Article 25: Cancellation - suspension

  1. This article does not apply to termination within the statutory reflection period as referred to in Article 4.
  2. If you cancel the agreement prior to or during the execution, we may charge you a fixed compensation for:
    1. all costs incurred (such as already purchased parts);
    2. our damage suffered due to cancellation, including the lost profit.
    Dependent on work/deliveries already carried out or costs incurred, this compensation will be 20% to 100% of the agreed price/fee.
  3. If you cancel/postpone a planned appointment less than 24 hours beforehand or are not present at the agreed time, we may charge you the time reserved for it.
  4. You shall indemnify us against any third-party claims arising from the cancellation.
  5. We may set off the compensation due against all amounts paid by you and your possible counterclaims.
  6. Do you request us to suspend the execution of the agreement? In this case, we may immediately claim the fee for all the work/deliveries that have been carried out and charge this to you. This also applies to costs incurred, costs arising from the suspension and the hours we/third parties engaged by us have already reserved for the suspension period at that time.
  7. Costs that we incur for resuming the work/deliveries are also at your expense. What if we cannot resume the execution of the agreement after the suspension? In this case, we may terminate the agreement by means of a written statement addressed to you.

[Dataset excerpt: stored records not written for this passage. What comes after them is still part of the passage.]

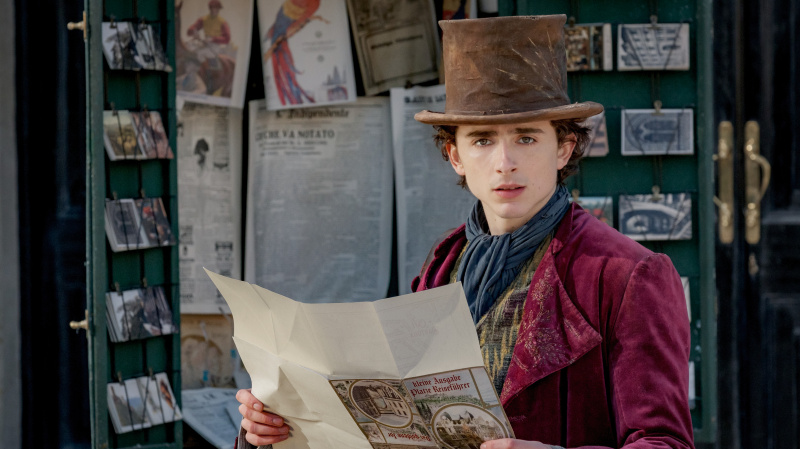   Timothée Chalamet ในเสื้อคลุมสีแดงของเขาในบท Willy Wonka ใน Wonka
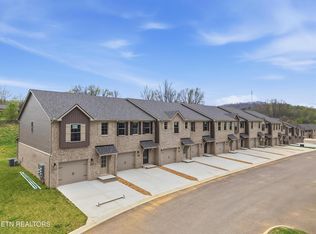 8954 Keenberg Ln, Knoxville, TN 37931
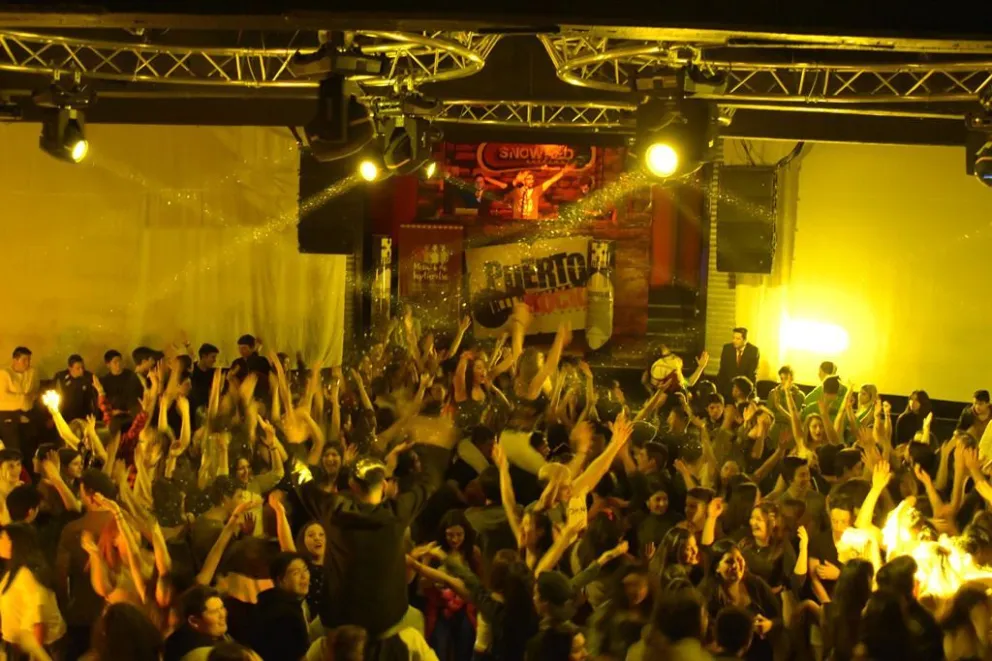 Concurrida noche en Puerto Rock por la Fiesta Sin Alcohol 2019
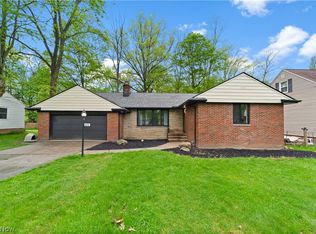834 Stuart Dr, South Euclid, OH 44121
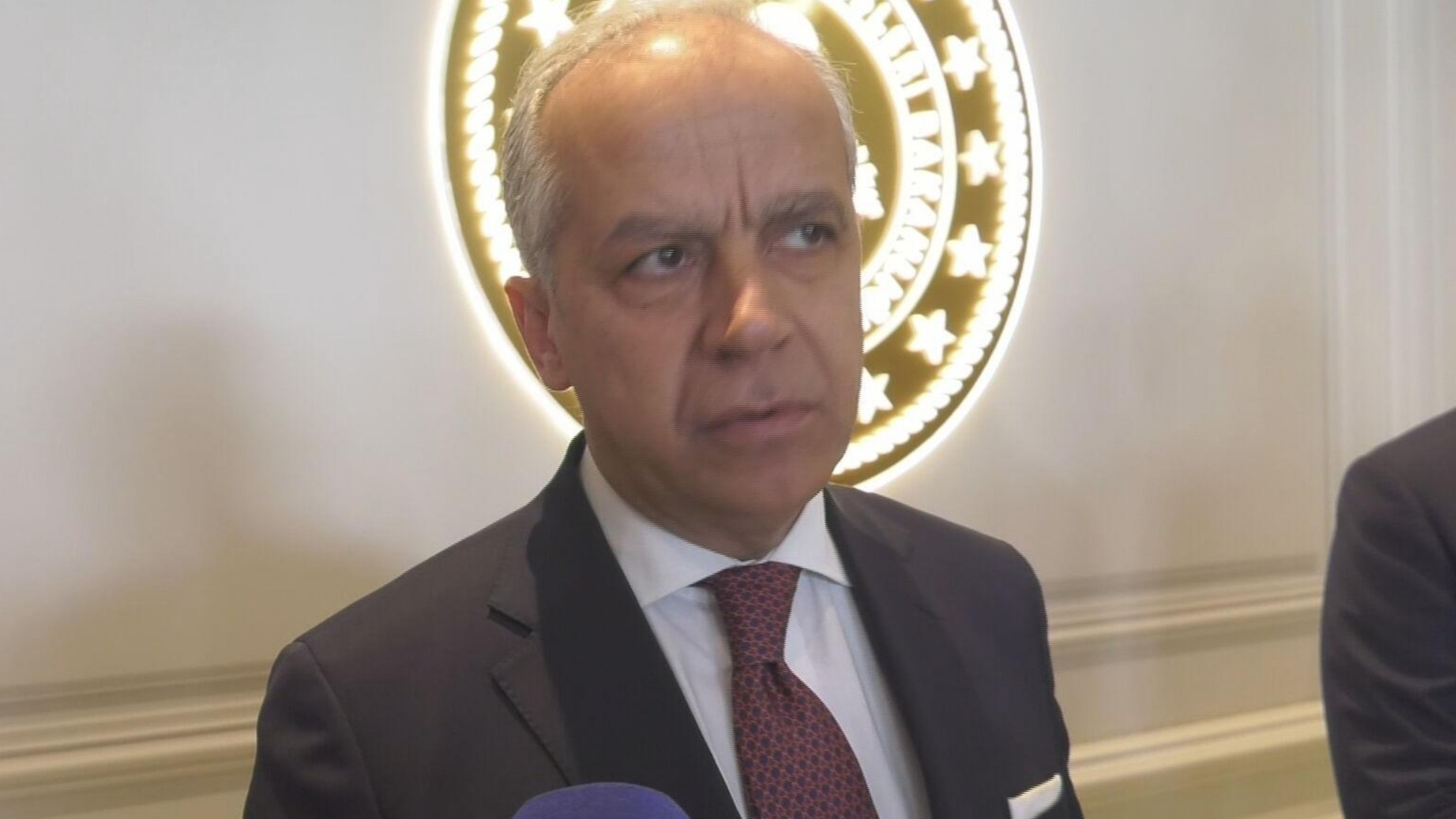 Decreto Piantedosi: arriva il 'codice di condotta' in bar, locali e  discoteche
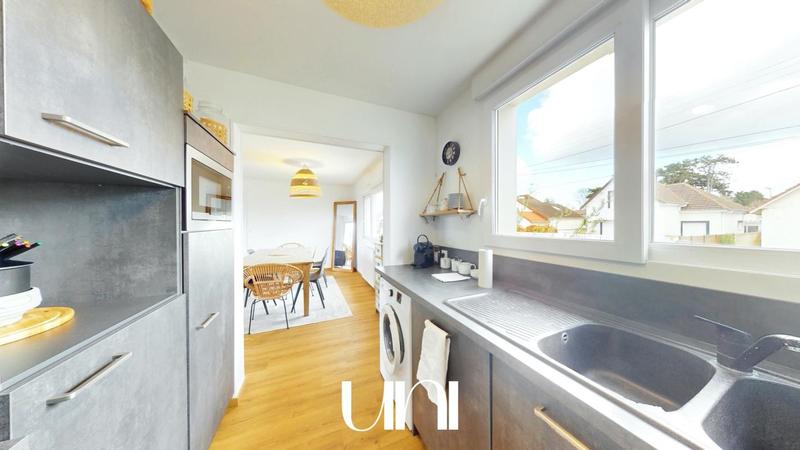 Maison - 180 m² - 6 pièces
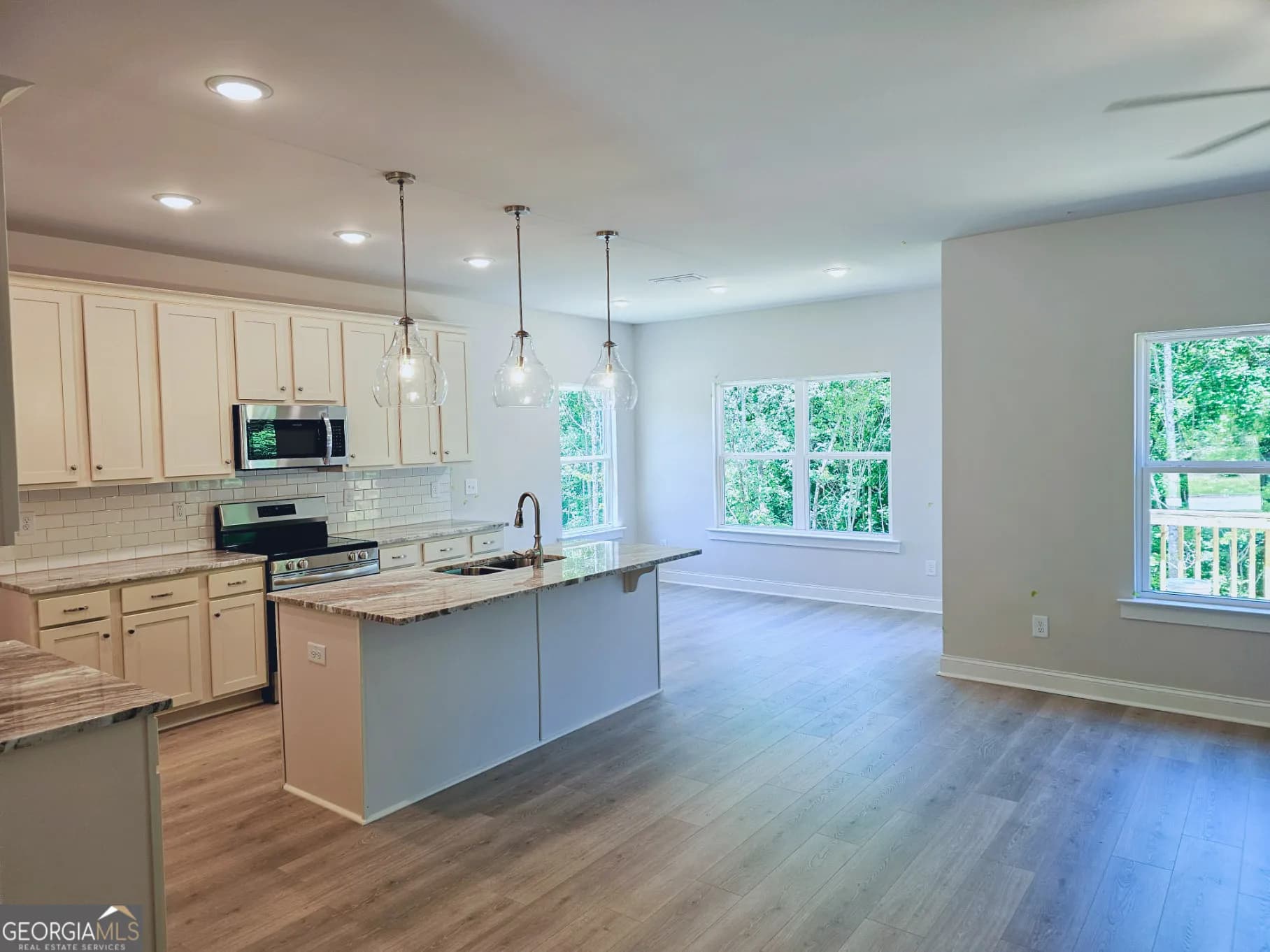 479 Principal Meridian Dr — photo 2 of 18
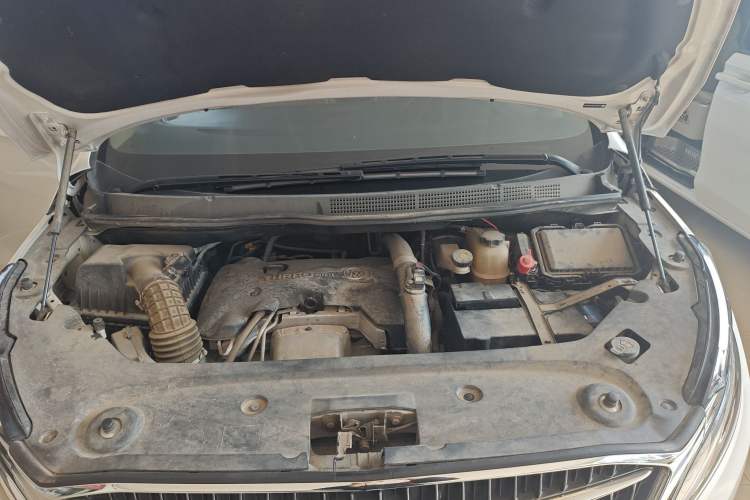 Used Buick GL8 2017 ES 28T Premium Version China V Standard Engine Bay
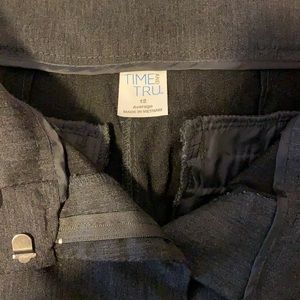 Gray dress slacks. Only worn twice. 41in long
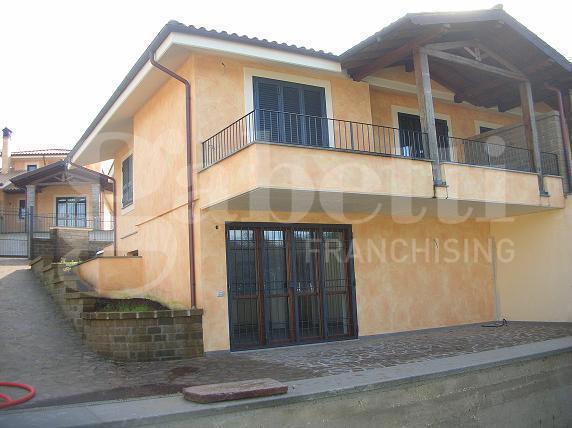 casa indipendente in vendita a Manziana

Article 26: Applicable law – jurisdiction

  1. Our agreements are governed by the laws of the Netherlands.
  2. We exclude the applicability of the Vienna Sales Convention (CISG).
  3. We submit disputes to the court competent in our place of establishment. In addition, we always retain the right to submit the dispute to the competent court in your place of establishment or residence.
  4. As a consumer, you may always choose the legally competent court, even if we choose another court. You will then inform us of your choice within one month after receipt of the summons.
  5. If you are established/residing outside of the Netherlands, we may also submit the dispute to the competent court in the country or the state where you are established/reside.